Ask HN: How do you sell sprints to clients? - porker

I'm freelance and have a lot of clients who want a fixed quote before embarking on a project. It's not a happy position for anyone - what they want always changes/isn't specified tightly enough; I need more money and they feel hard done by.<p>From my perspective, a fixed length of time and a prioritised wishlist from the client is the best outcome; it allows me to iterate over features until the client gets what they want, and it ensures I get paid for my time.<p>But it isn't great for the client because they don't know how much will get done, and (in spite of testimonials, reviews etc) are left feeling I should've finished the wishlist (no matter what expectations I set at the start - "Nice wishlist but only the first 3 are likely to get done, assuming minor changes").<p>Others can't even start this approach because to get budget approval they have to have a fixed price up-front which is signed-off.<p>How do you handle this? Is there a "Third Way" that works for all parties?
======
cateye
The answer is twofold:

1\. There must be a reason that the clients expect that a fixed quote must be
possible. If you are developing something that is already existing, it is very
very difficult to convince that you really can't know how much budget is
needed and it is a project with extreme unknowns. For example if you are
building a pretty standard CRUD application, the client will insist that you
will offer a fixed budget within a range or margin.

This can mean that you haven't standardised your product or service enough to
be able to offer it in a standardised way. The client intuitively does demand
a standard product because they feel this is already existing and don't want
you to reinvent the wheel on their costs.

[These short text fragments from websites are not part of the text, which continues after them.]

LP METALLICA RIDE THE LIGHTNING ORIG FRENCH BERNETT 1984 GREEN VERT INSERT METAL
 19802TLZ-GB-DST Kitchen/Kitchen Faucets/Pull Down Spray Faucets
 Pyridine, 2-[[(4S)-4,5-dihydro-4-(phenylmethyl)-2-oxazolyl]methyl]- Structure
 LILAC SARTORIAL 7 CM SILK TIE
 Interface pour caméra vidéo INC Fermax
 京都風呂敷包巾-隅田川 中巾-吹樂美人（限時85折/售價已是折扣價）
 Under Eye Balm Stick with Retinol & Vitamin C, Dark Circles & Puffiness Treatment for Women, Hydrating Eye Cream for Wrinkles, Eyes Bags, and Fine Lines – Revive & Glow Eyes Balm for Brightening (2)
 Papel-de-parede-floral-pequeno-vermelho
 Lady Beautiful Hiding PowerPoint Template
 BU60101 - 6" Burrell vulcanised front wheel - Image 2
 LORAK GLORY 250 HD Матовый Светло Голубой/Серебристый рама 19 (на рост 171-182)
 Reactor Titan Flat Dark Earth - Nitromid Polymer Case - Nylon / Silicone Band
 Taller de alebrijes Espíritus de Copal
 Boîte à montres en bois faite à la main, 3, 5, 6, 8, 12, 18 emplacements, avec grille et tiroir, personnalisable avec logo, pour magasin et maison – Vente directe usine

2\. The development is really custom and complex, it can't be standardised in
to a product or service. But the client just doesn't want to pay for it
because it is expensive. Then you must really check whether the investment is
worth it. (The Product Owner is actually responsible for this part.) Often the
client has just a lousy business plan and the only way that their business
will workout is if they get the software almost for free. This is not a
situation that you want to be involved. Sometimes the business plan seems
realistic and you can point out easily that the return on investment is worth
it. Sometimes the client just doesn't have the money and require indirectly
that you invest in it. (Then you can just make that explicit and give an
answer that you are interested in or not. But never let assumptions or
vagueness get in the way.)

Trying to do sprints without a strong product owner will cause a lot of
trouble. I would advise that you don't take that responsibility by just trying
to fill the vacuum.

So, there is a question that you should ask before the sprint versus fixed
price negotiations. If it is clear that it is a innovation driven project and
predictive methods will not work, you can work something out for the pricing
like a pre-determined sprint price.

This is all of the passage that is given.